Pensions and the Telltale Signs of a Scam

Yesterday, I mentioned the difficulty I’m having getting the state government of Rhode Island to give me a basic number in its actuary’s pension calculations.  Granted, it’s a number that doesn’t technically appear in the actuary’s formula, but my request was basically: “What happens if you add those numbers (which you’ve calculated) together before you reduce them based on investment returns, not after?”  

A post on The American Interest (via Instapundit) suggests that my experience is actually part of a nationwide effort to disguise the full extent of public-sector-pension promises.  The author draws attention to news that the American of Actuaries and the Society of Actuaries have buried a task force report looking into pension funding and opines:

There are powerful interests that don’t want public pensions to be governed by the same kinds of accounting principles used in the private sector because… well, because if they were, public pensions would go from seriously underfunded to catastrophically underfunded.

Union officials and state legislators (in both parties) seem to believe that it makes more sense to allow public pension funds to play “let’s pretend” with public money.
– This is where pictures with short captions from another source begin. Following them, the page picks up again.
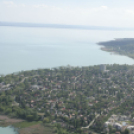 Fire Blade 2017 - Szoktatórepülés - Pápa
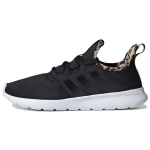 Adidas Cloudfoam Pure 2.0 Must Liivakarva Beež Naiste Tennised Core-Black GY4486 36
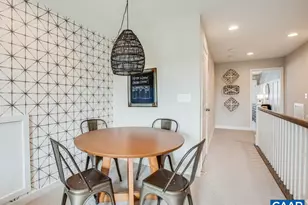 158 Lookover Ter, Stuarts Draft, VA 24477 - Photo 35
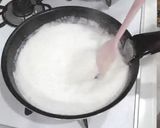 餃子の皮DEポテトラビオリ☆チーズソース作り方5写真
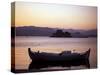 Nafplion (Nafplio), Peloponnese, Greece, Europe-Oliviero Olivieri-Stretched Canvas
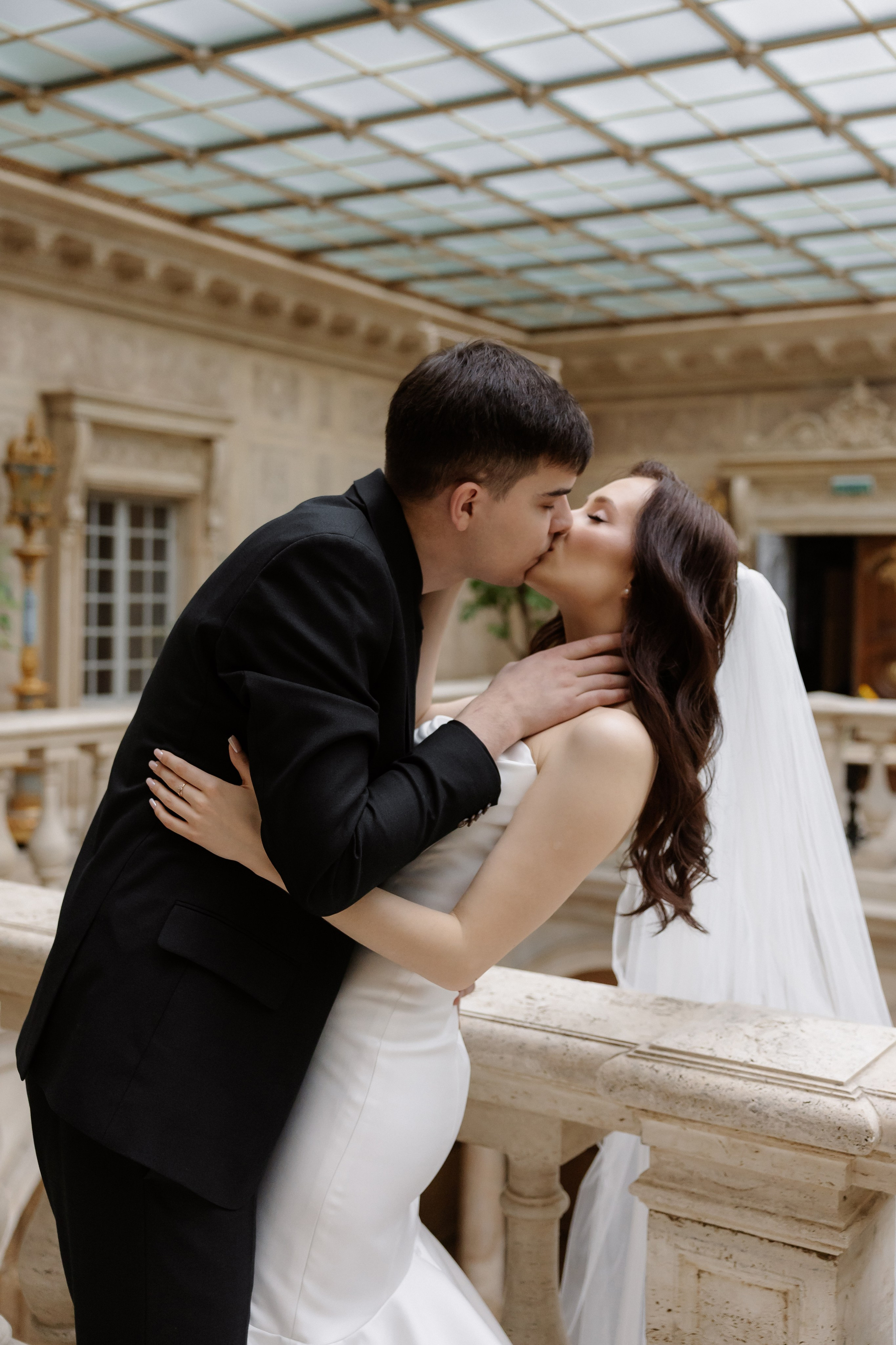 11.06.2024. RETOUCH-HOUSE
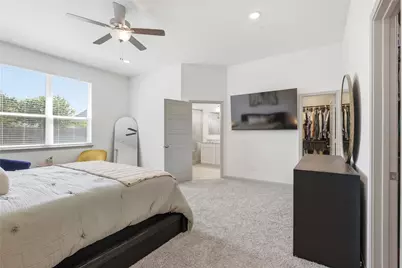 1615 Wellborn Drive, Temple, TX 76502 - Photo 19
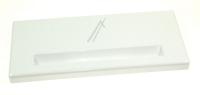 ELECTROLUX / AEG Lade-afdekking                                               2060597099
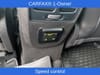 29 thumbnail image of  2017 Ford Escape Titanium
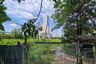 Land for sale in Bang Kapi, Bangkok near MRT Pradit Manutham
To be sure, the sudden imposition of a tougher standards would cripple business as usual in many state and local governments, so there can and should be some reasonable accommodations made to allow the adjustment to take place in a less disruptive fashion. Governing by catastrophe is almost never a good idea, and a series of small and incremental changes is usually (though not always) a better way to manage public affairs.

This problem is going to come back and bite us, and people are beginning to suspect that a large number of issues suffer from the same sort of dishonesty.  As The American Interest closes by musing, “Is it any wonder that Americans are fed up with experts and the institutions they manage?”